There was once a time when I, the Backwards Fitted Cap, was a symbol of youth and laidback swagger. I was a proud object, one that may not have always been liked, but one that was always respected.

I was your strongest declaration of non-conformity and I always had your back. I was literally facing the same direction as your back. It's what I was always meant to do. I wasn’t created to face the same direction as you—that would’ve left you vulnerable to be approached by some uptight square in a cardigan. Oh yeah… cardigans are “cool” now.

You have completely forsaken me. There was a time when I was at every party, every sports game, and every concert with you, fist pumping and head banging. I was freestyle rapping and getting it crunk in the club. I was kick-flipping 10 stairs. And I never once fell off your head either, did I? That’s because I was fitted—fitted to your exact head size because that’s how much I cared about you.

Who was there for you, jamming out to Metallica with you when your shitty girlfriend dumped your ass?

But that doesn’t matter now, does it?

No, because now, instead of hitting beer bongs, crowd surfing, or rolling by with the 808’s slapping, I’m coaching an 11-year-old girl’s recreational soccer league. I’m getting beat up in high school for riding a goddamn Razor scooter to class. I’m sitting in the corner of a sleazy bar alone, sporting a barbed wire tattoo and an Affliction shirt, watching all those punk-ass snapbacks have all the fun and wondering why this shithole isn’t playing Limp Bizkit.

I mean, for Christ’s sake, snapbacks? Those assholes couldn’t be more fake if they were Donald Trump’s news. They could hop to one of your friend’s heads at the drop of a damn hat. (Yeah, I said it. Don’t you miss my jokes?) One quick adjustment and they forget all about you like you never gave them solace on your dome. If I get separated from you, someone might as well just burn me cause I was fully committed to this shit, exact head circumference and all. Yet, for some reason, these poser snapback dickheads have all your respect and attention now, while I sit in your closet, collecting dust and regretting that my only purpose was to fit your head and no one else’s.

What ever happened to loyalty?

I’ve been kicked to the curb and replaced like some kind of t-shirt you outgrew. Now that I think about it, maybe you did outgrow me. You’ve let your head get so damn big from all the good times we’ve had that you needed a hat that could adapt to the cranial enlargement. Remember your roots, goddamn it.

Who was there for you, jamming out to Metallica with you when your shitty girlfriend dumped your ass?

Who was side by side with you and Master Chief during all those sleepless, Mountain Dew and Dorito-filled nights?

Who was flying down the freeway with you in your ’02 Mustang while you punched the roof of the car in anger after your parents called you a basement-dwelling loser?

I was the one who got you, man. I understood why you got that eyebrow ring. I knew why you put that much gel in your hair. I loved your baggy pants; they gave your nuts plenty of room to hang, unlike those skin-tight manhood crushers you wear today.

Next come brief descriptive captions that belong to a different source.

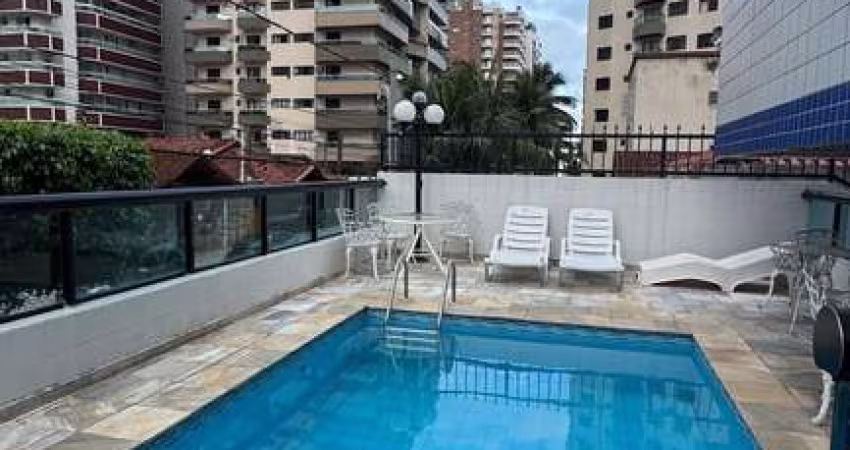 APARTAMENTO 1 QUARTO - OCIAN - PRAIA GRANDE/SP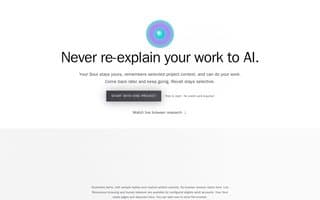 Thumbnail of fostera.ai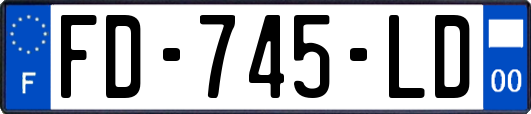 FD-745-LD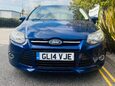 Ford Focus TITANIUM NAVIGATOR 5
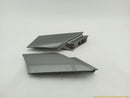 Land Rover Discovery Sport Pair Of Front Fender Wing Molding Trim-2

I guess that no matter what I say, I’m not going to change your mind. I’ll just have to accept that all good things really do come to an end. But, I’ll have you know I was a really good thing. A damn good thing who was loyal to the core and had a heart of gold. Times change and I guess I’m just not cool anymore. Honestly, it tears me apart to even say those words. It’s like calling Michael Jordan unathletic, or saying the Beatles weren’t musical.

Alright, alright, I get it, you’re done. But this doesn’t mean I can’t ask for some kind of justice or closure.

Take me out of the damn closet. Pick me up from under your bed. Some kind of recognition for everything we’ve been through would be nice. Hang me on the wall or something. Put me in the drawer with your iPod Nano. At the very least, let me lay in the box with all your Korn and DMX albums. Those guys still appreciate me. Unlike you.

The funny thing is, one day, I will be cool again. If fanny packs can do it, anything’s possible, bro.